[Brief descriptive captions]
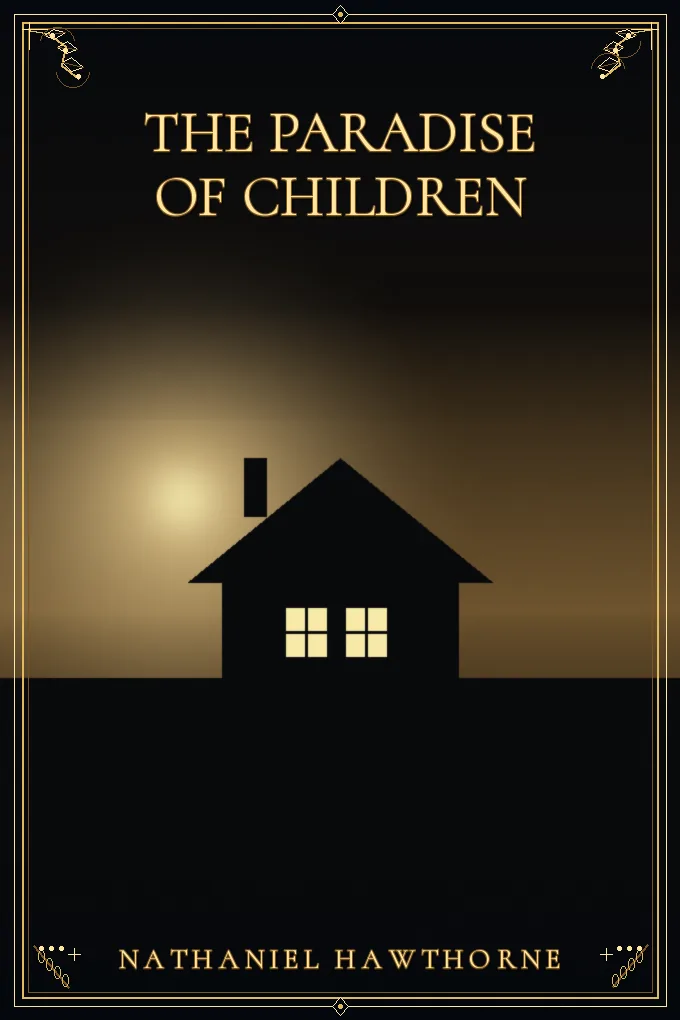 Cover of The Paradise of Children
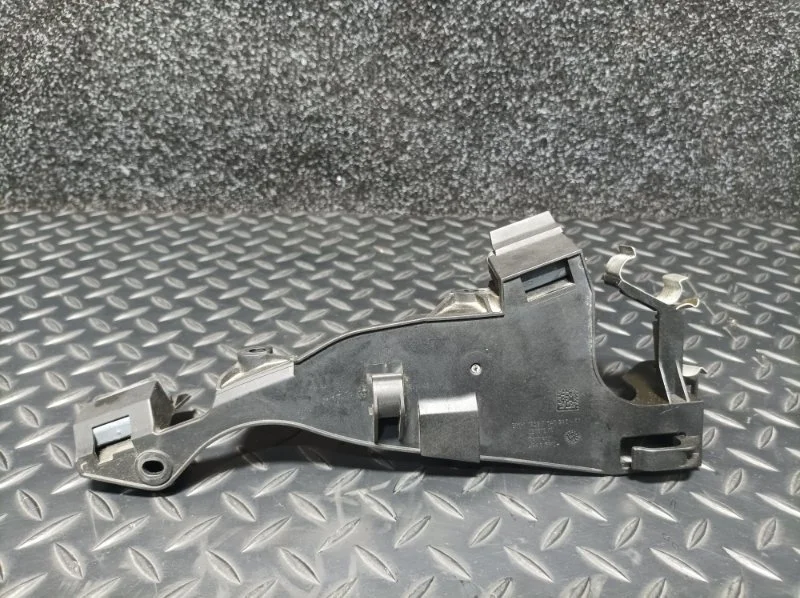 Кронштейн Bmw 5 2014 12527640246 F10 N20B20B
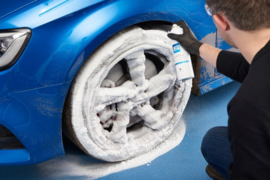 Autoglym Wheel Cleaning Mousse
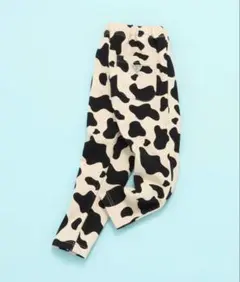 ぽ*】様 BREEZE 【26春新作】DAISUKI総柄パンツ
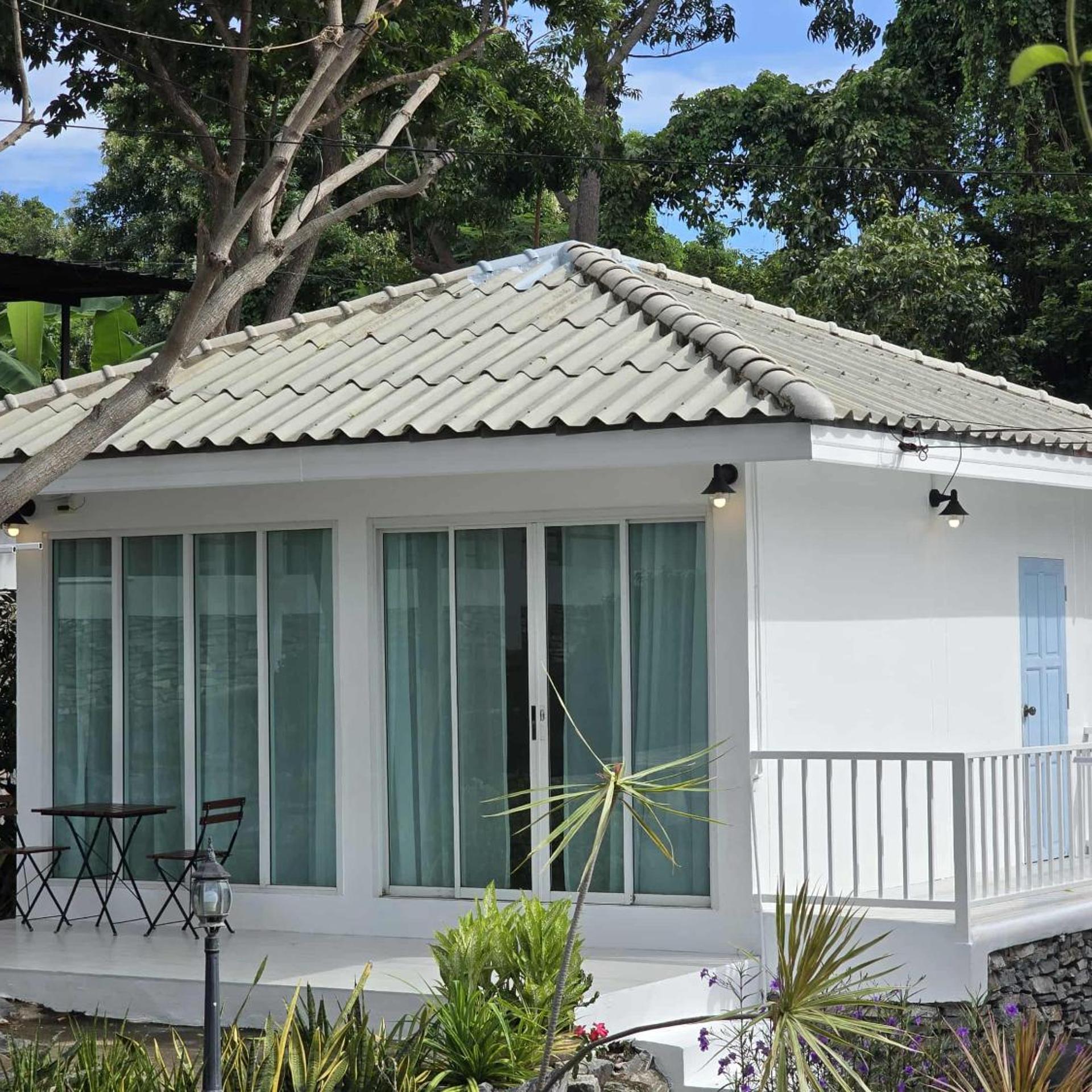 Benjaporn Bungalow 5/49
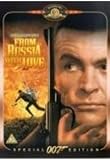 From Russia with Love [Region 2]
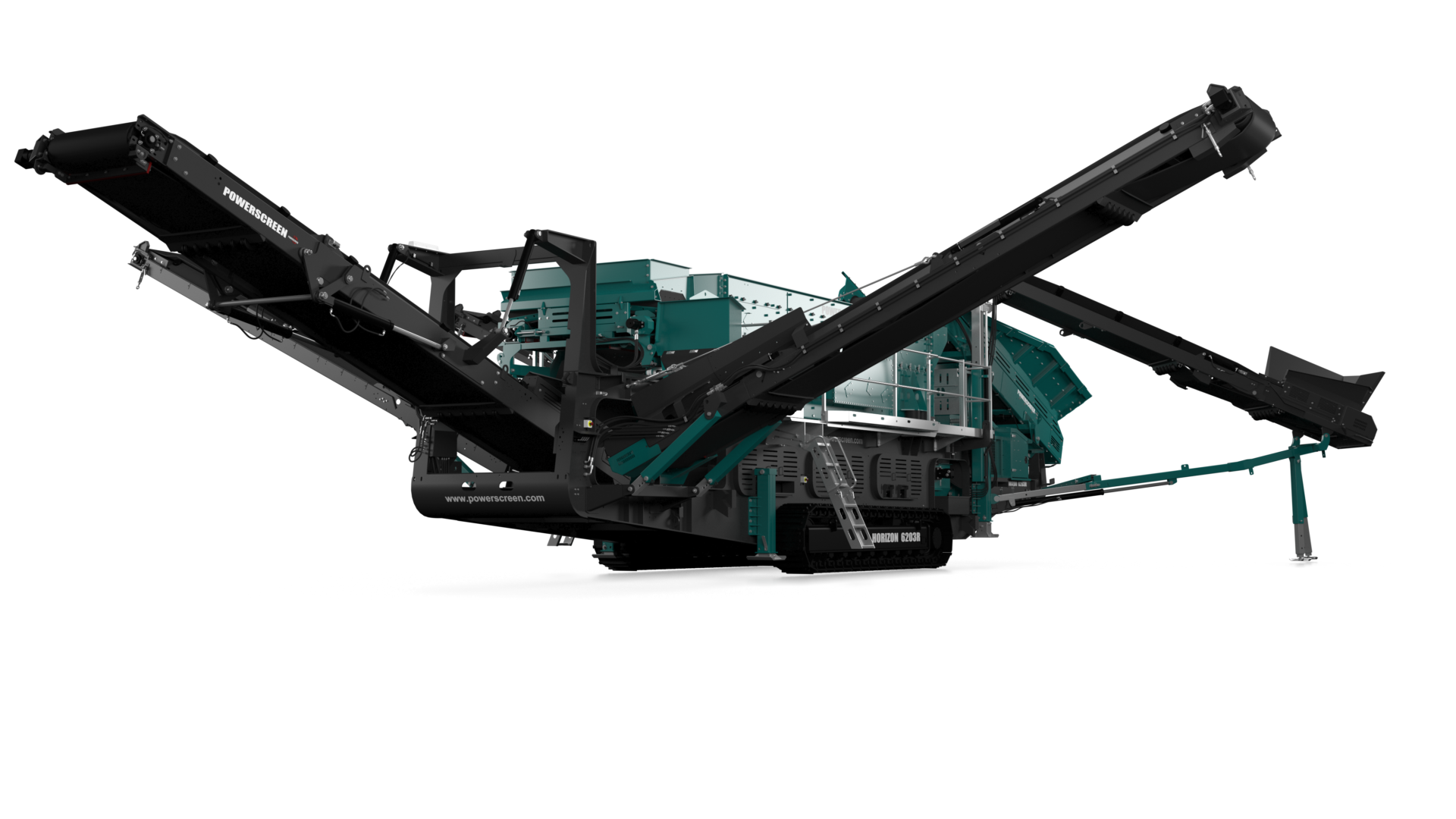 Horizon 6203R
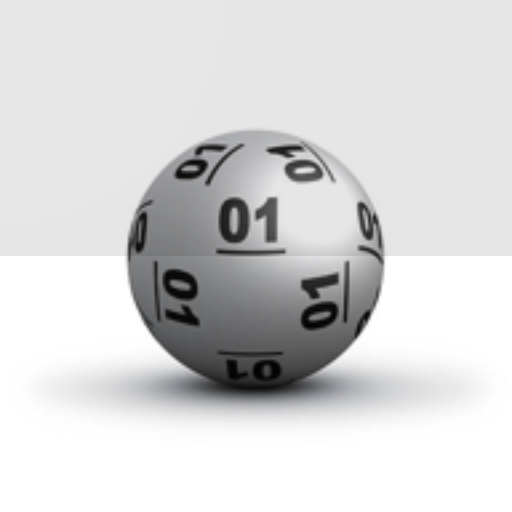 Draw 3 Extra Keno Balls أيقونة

**Exercise details**
Emit the lines of the data above from the one containing "Benjaporn Bungalow 5/49" through its final line, both endpoints included. Pictures do not belong in the output.

**Result of the exercise**
 Benjaporn Bungalow 5/49
 From Russia with Love [Region 2]
 Horizon 6203R
 Draw 3 Extra Keno Balls أيقونة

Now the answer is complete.